(RAW DATA begins)
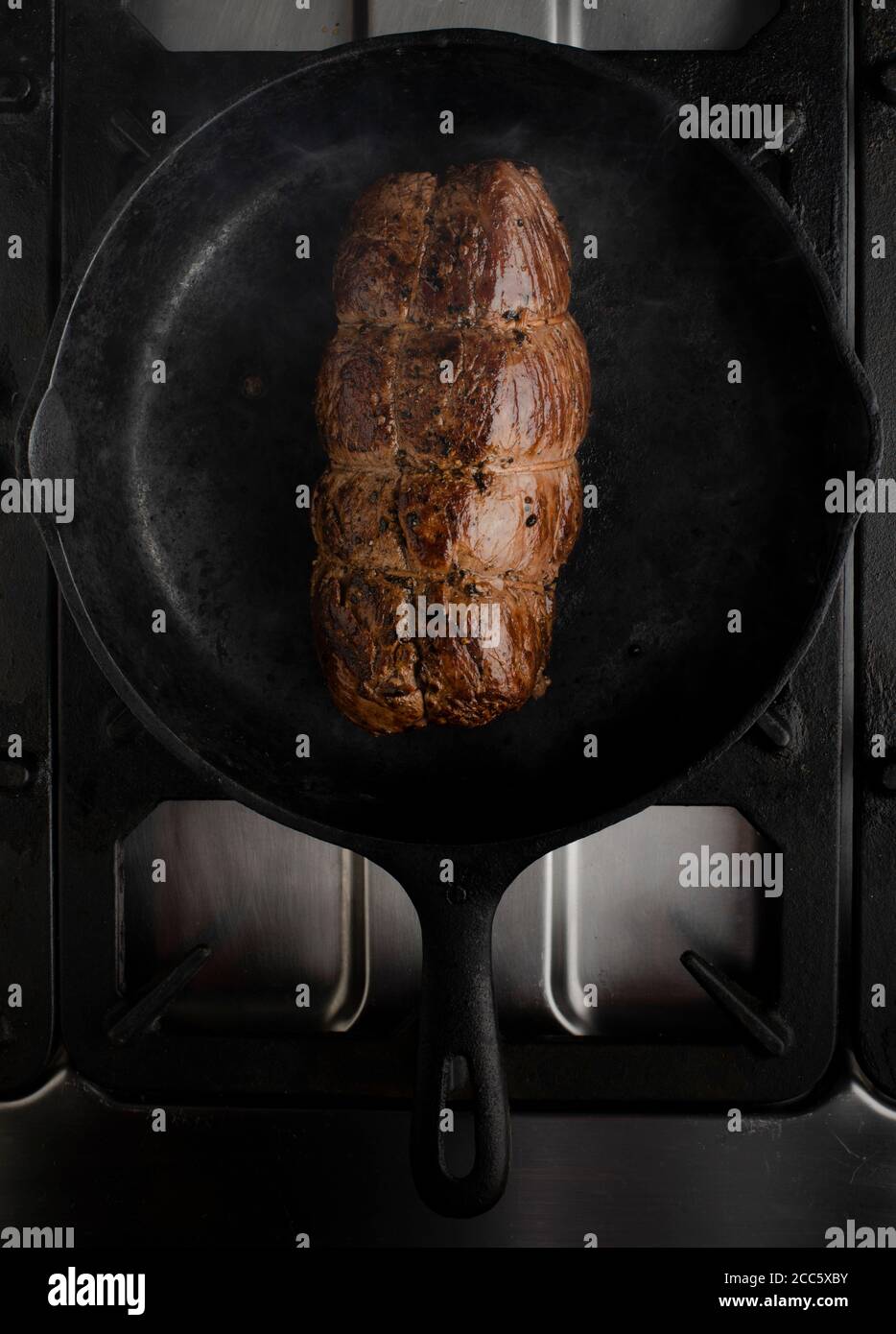 Fillet cooking in cast iron pan Stock Photo Alamy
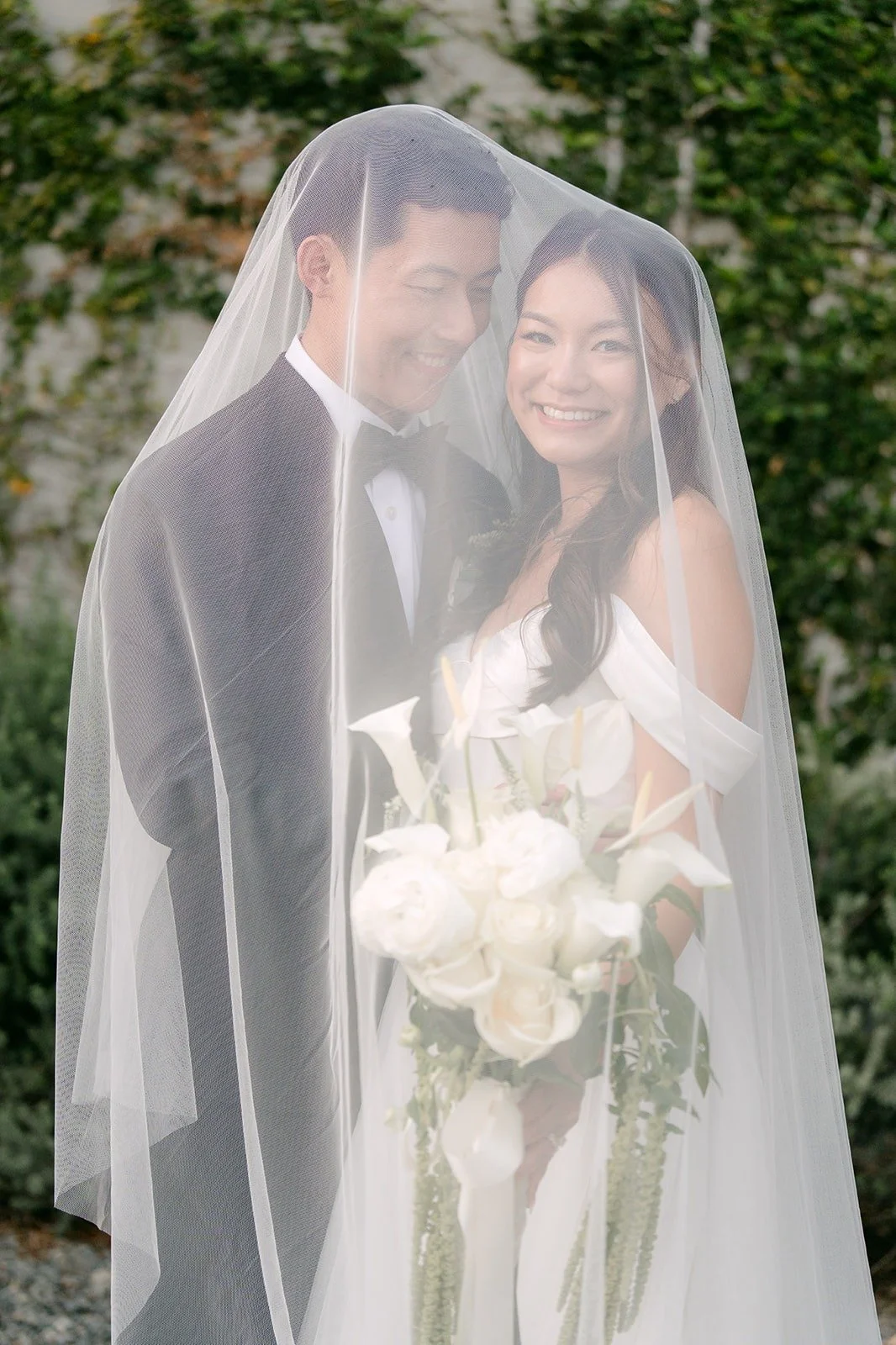 Richard holding Jadee close under the veil
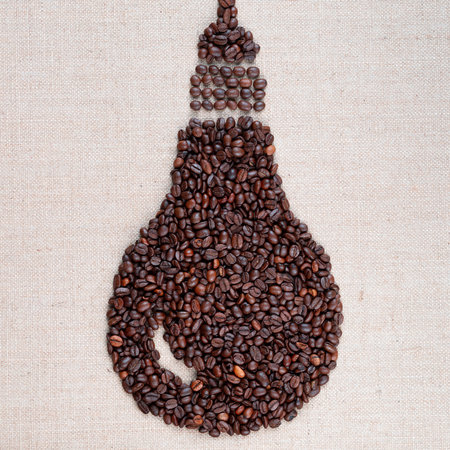 Electric bulb hanging down made from coffee beans on creamy linea canvas, shot close up.の写真素材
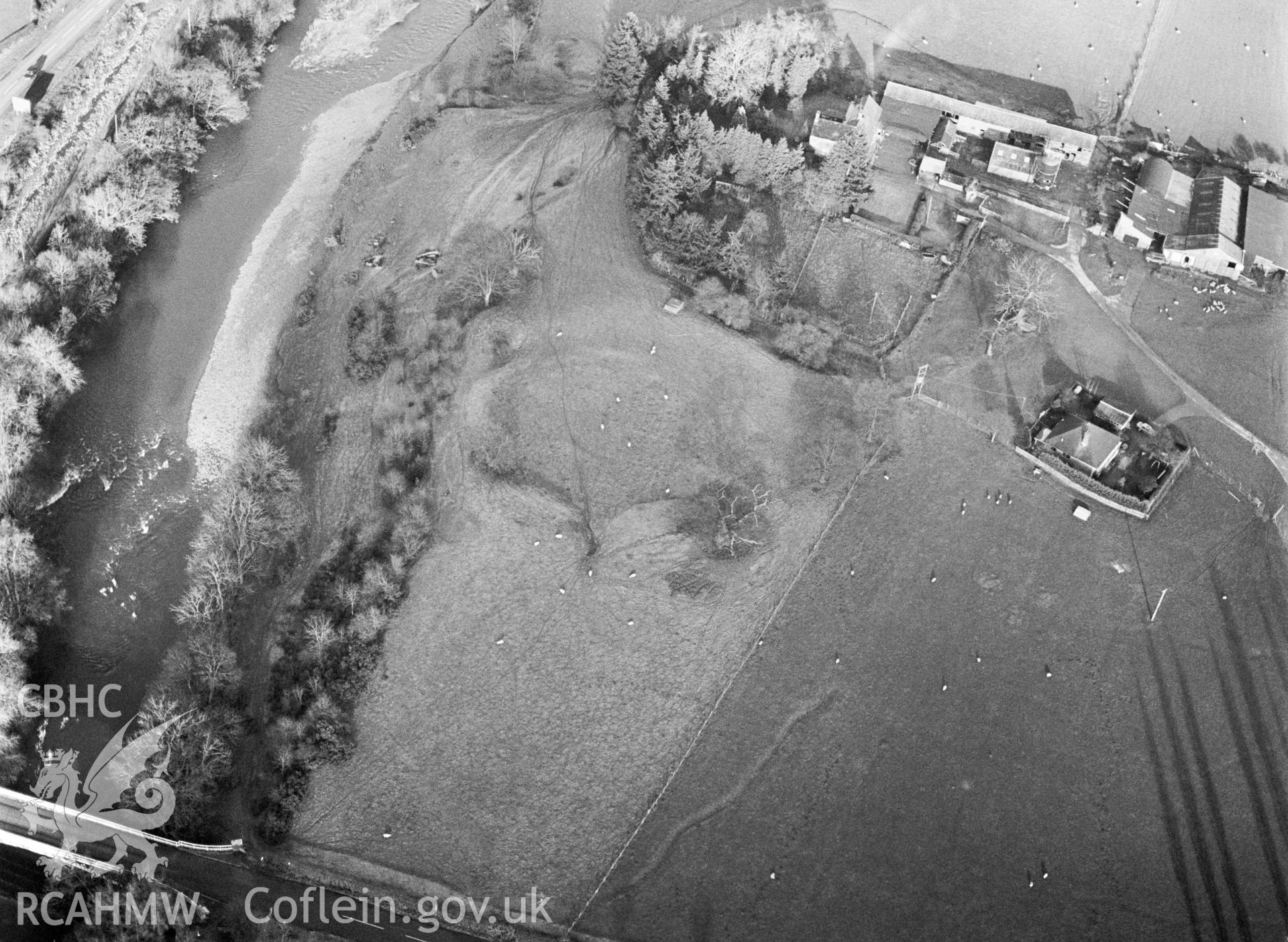 RCAHMW Black and white oblique aerial photograph of Bryn Derwen Castle, Llandyssil, taken on 20/12/1998 by CR Musson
(RAW DATA ends)
→ EXERCISE GOAL
Write out the data above exactly, minus any images.

→ TASK ANSWER
 Fillet cooking in cast iron pan Stock Photo Alamy
 Richard holding Jadee close under the veil
 Electric bulb hanging down made from coffee beans on creamy linea canvas, shot close up.の写真素材
 RCAHMW Black and white oblique aerial photograph of Bryn Derwen Castle, Llandyssil, taken on 20/12/1998 by CR Musson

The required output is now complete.